● **What is needed**: Extract, word for word, each line from the line holding "Gates RC10361 Radiator Cap" through the end of the records. Omit every picture.

*** Opening Data excerpts ***

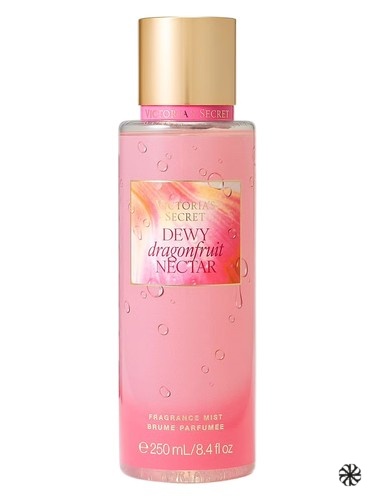 Dewy Dragonfruit Nectar Victoria's Secret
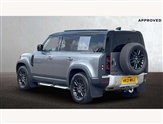 Land Rover Defender Image 2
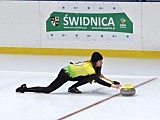 Zawody w curlingu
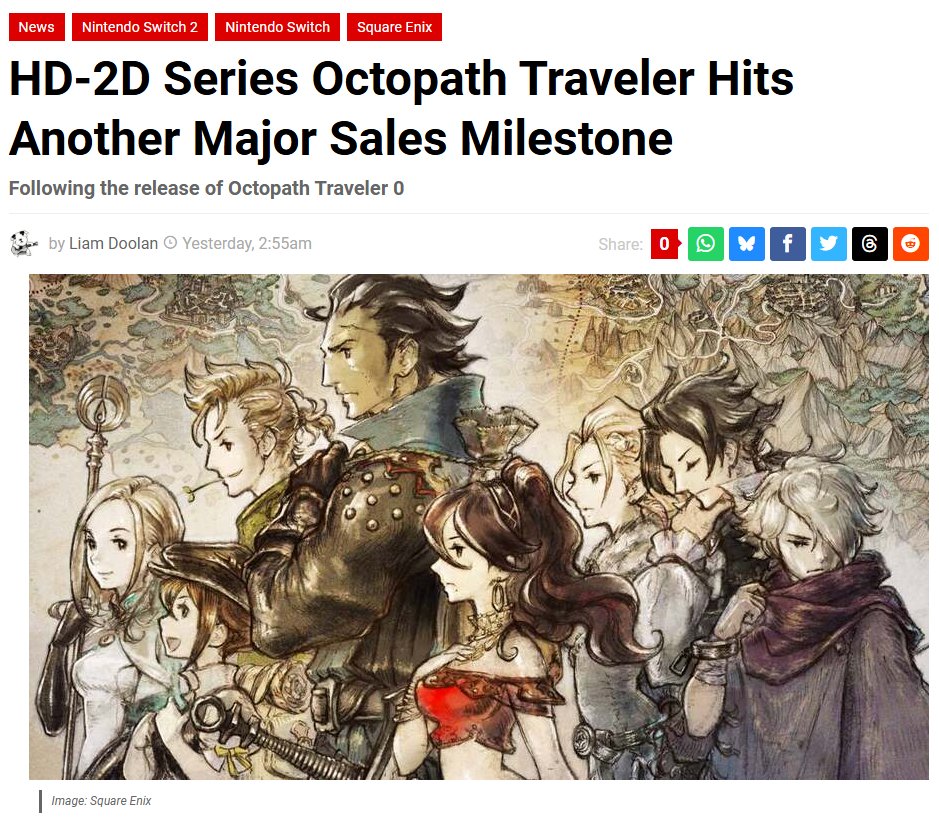 Saved You A Click Video Games tweet media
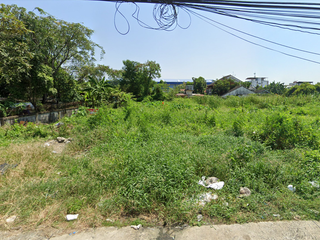 For sale land in Mueang Samut Prakan, Samut Prakan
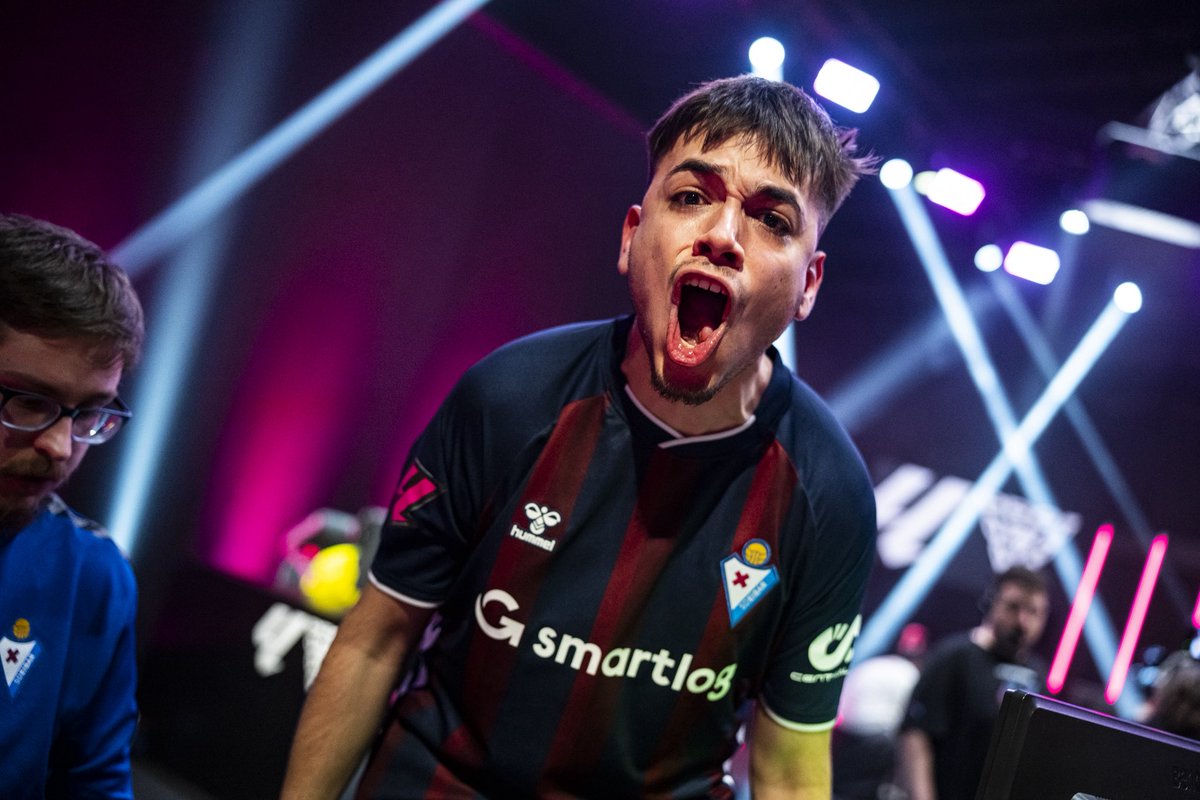 Hugo Sánchez tweet media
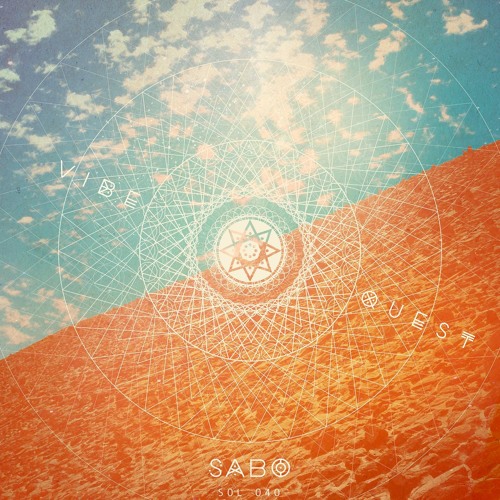 Sabo - Fantastico (Original Mix) [Sol Selectas] [MI4L.com] -- FREE DOWNLOAD
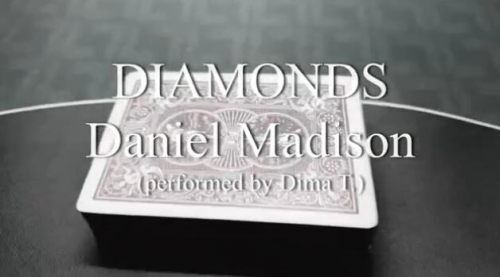 Diamonds by Daniel Madison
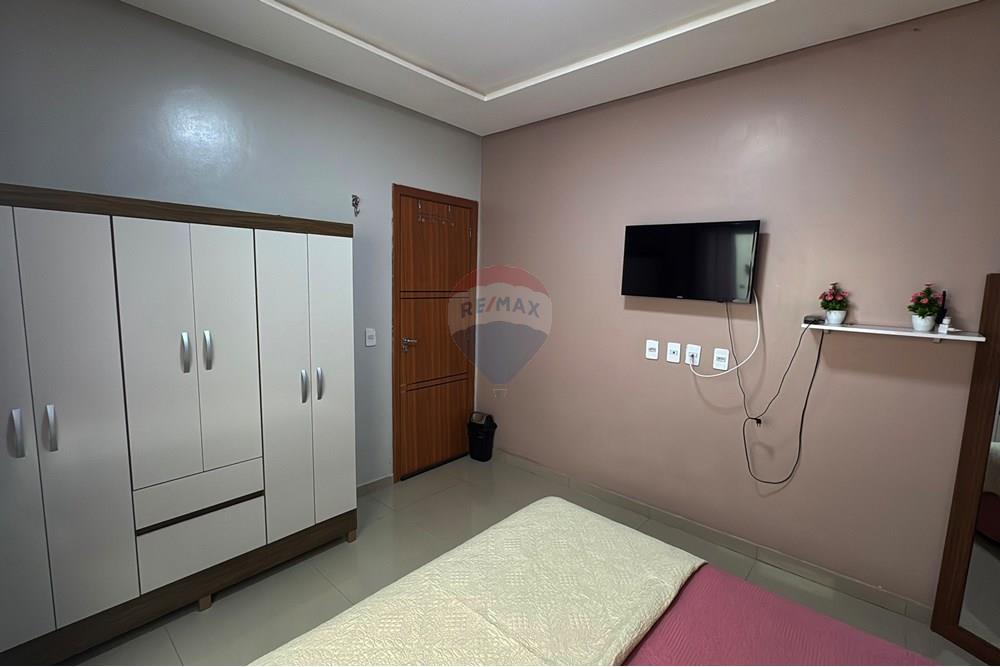 Casa - Alugar - Ananindeua , Pará - quarto 1.jpg - Quarto de família - 720671072-4
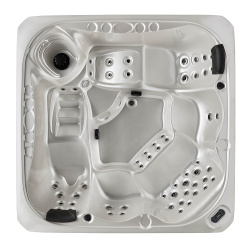 Гидромассажный спа бассейн Mexda WS-691 Lite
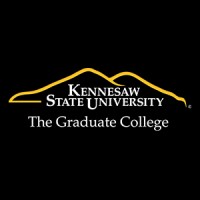 The Graduate College - Kennesaw State University logo, The Graduate College - Kennesaw State University contact details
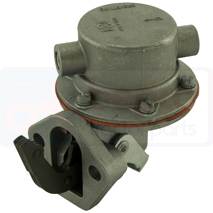 FUEL PUMP , John Deere, 30 - 2030 (Espana), Supply and injection, Fuel pump, Power pump, AR102678, DD14195, DD14295, , FUEL PUMP , 26/100-21, AR102678, DD14195, DD14295, , 0.87 kg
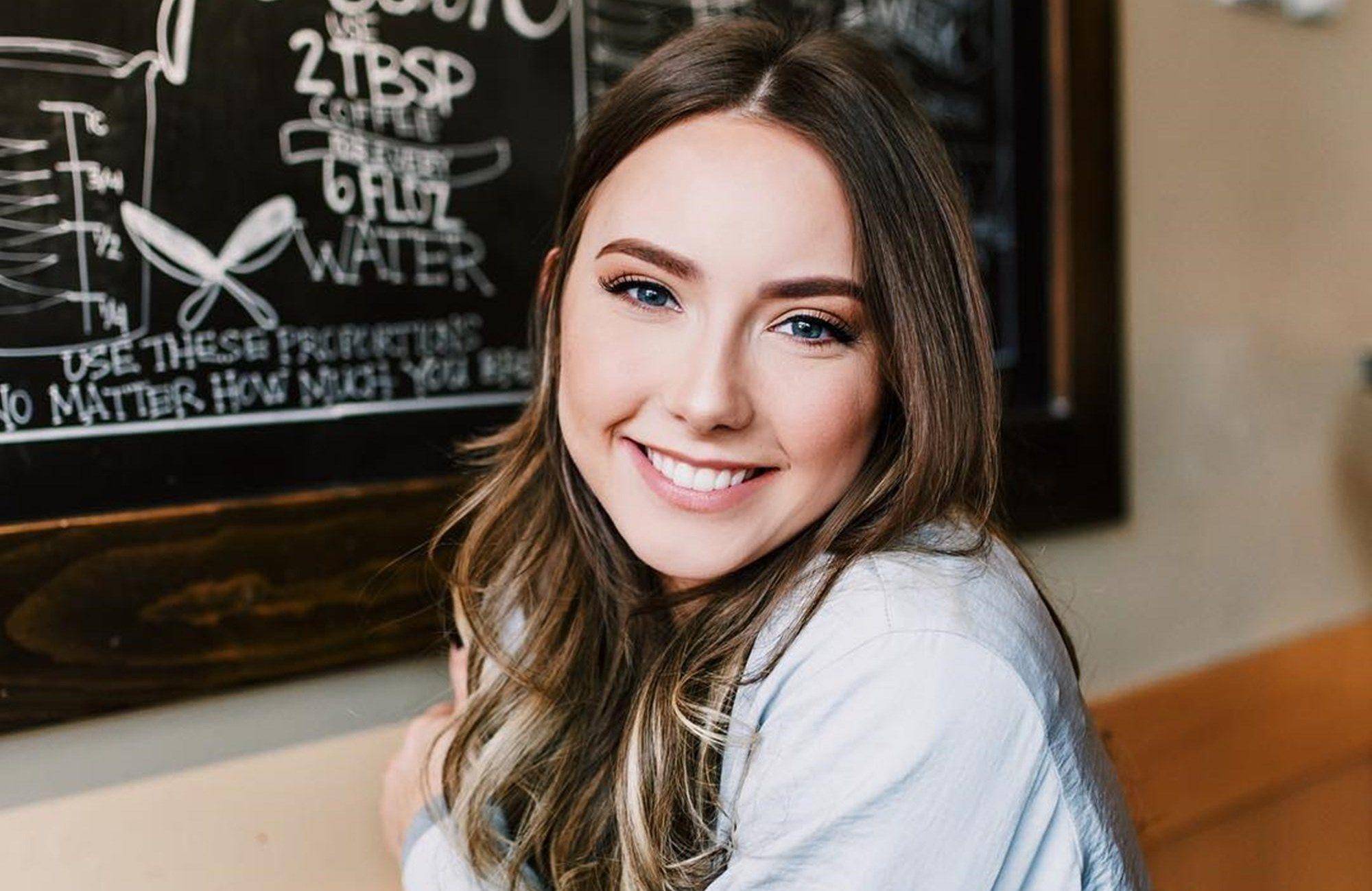 阿姆24岁女儿正脸曝光粉丝想叫偶像岳父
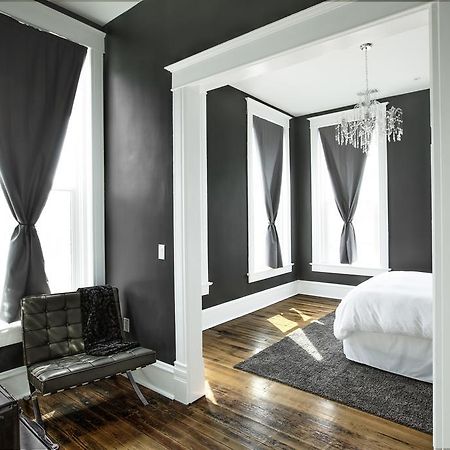 The Harkness Hotel McCammon Buitenkant foto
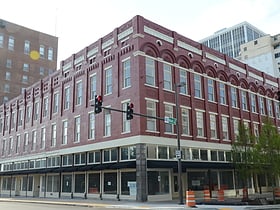 Pfeifer Brothers Department Store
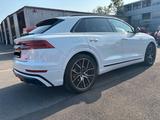 Audi Q8 50 TDI quattro S Line - Audi Gebrauchtwagen in Darmstadt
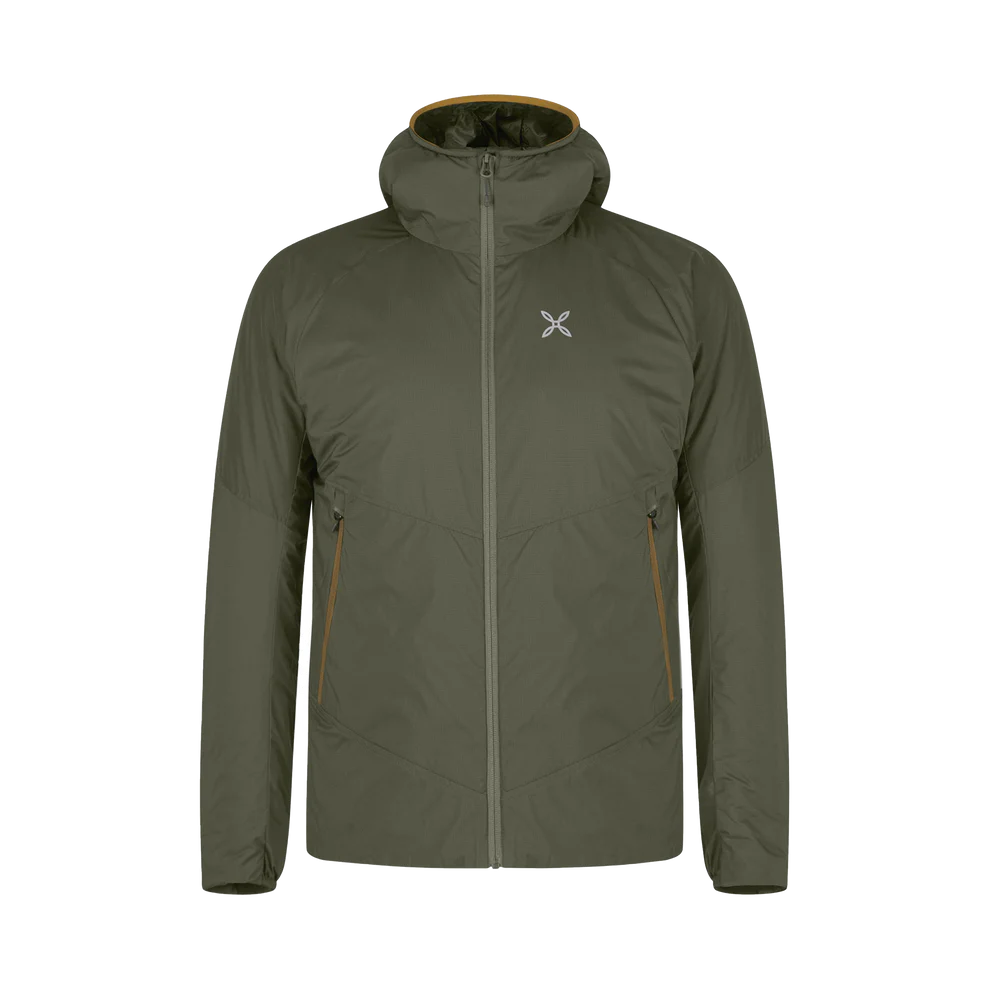 Мужская куртка MONTURA DOLOMITI HOODED Мужская куртка MONTURA DOLOMITI HOODED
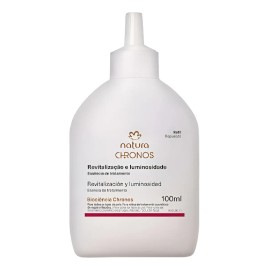 Chronos Repuesto Esencia De Tratamiento Revita Y Luminosidad Momento De Aplicación Día/noche Tipo De Piel Todo Tipo De Piel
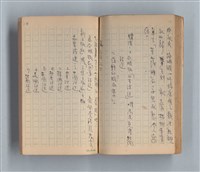 主要名稱：《莫渝札記》第12號/副題名：我從文學邊緣走過圖檔，第46張，共58張
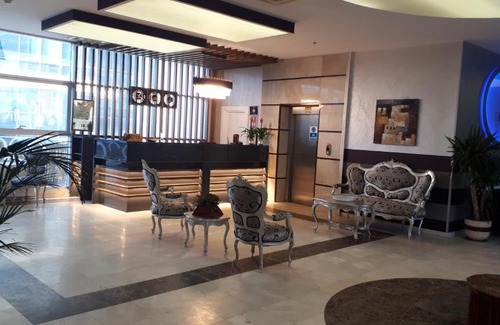 Pendik Apartamento | Ekinci Residence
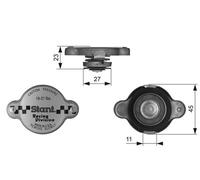 Gates RC10361 Radiator Cap
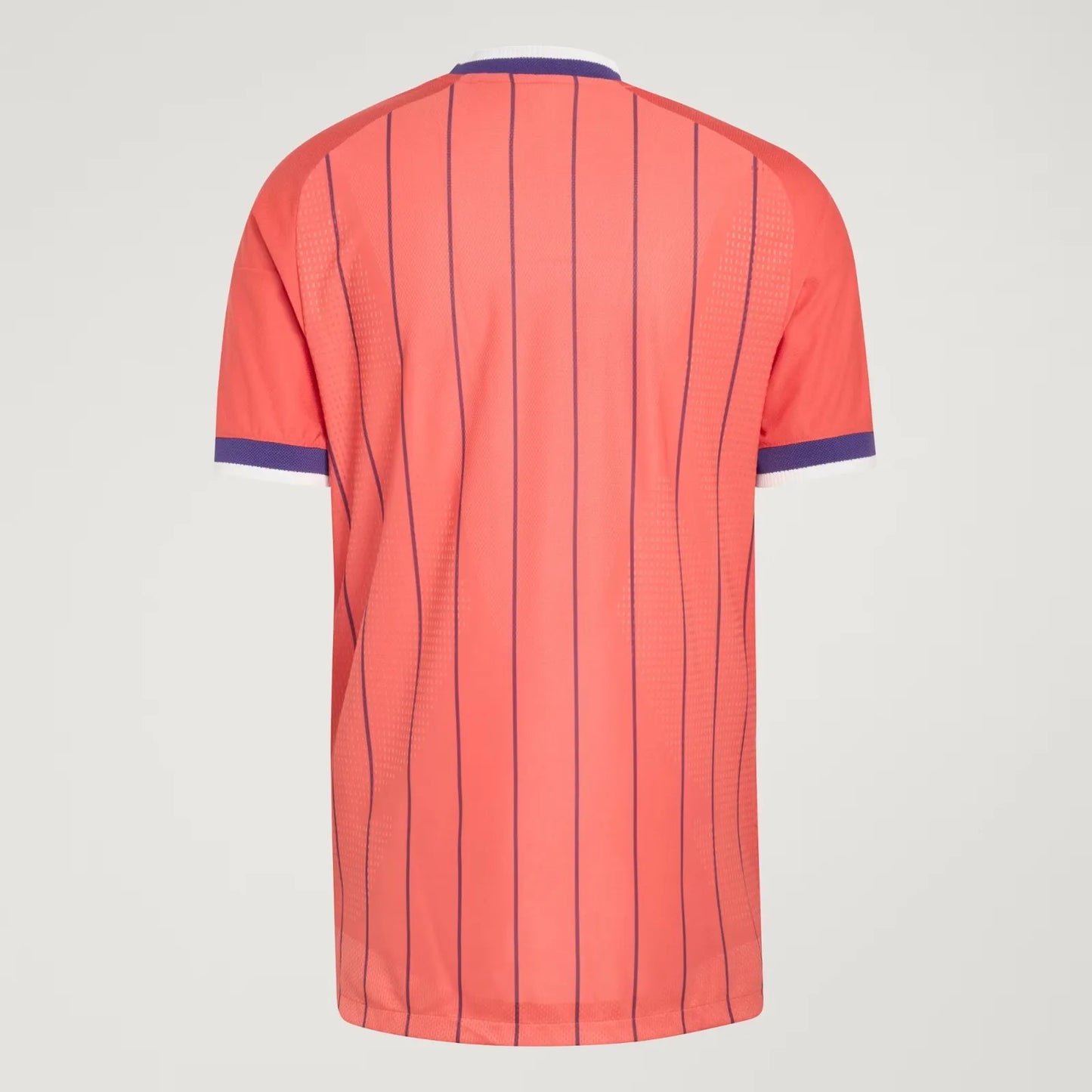 Escócia Away 26/27 Torcedor Adidas - Laranja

*** Closing Data excerpts ***

● **Finished exercise**:
 Gates RC10361 Radiator Cap
 Escócia Away 26/27 Torcedor Adidas - Laranja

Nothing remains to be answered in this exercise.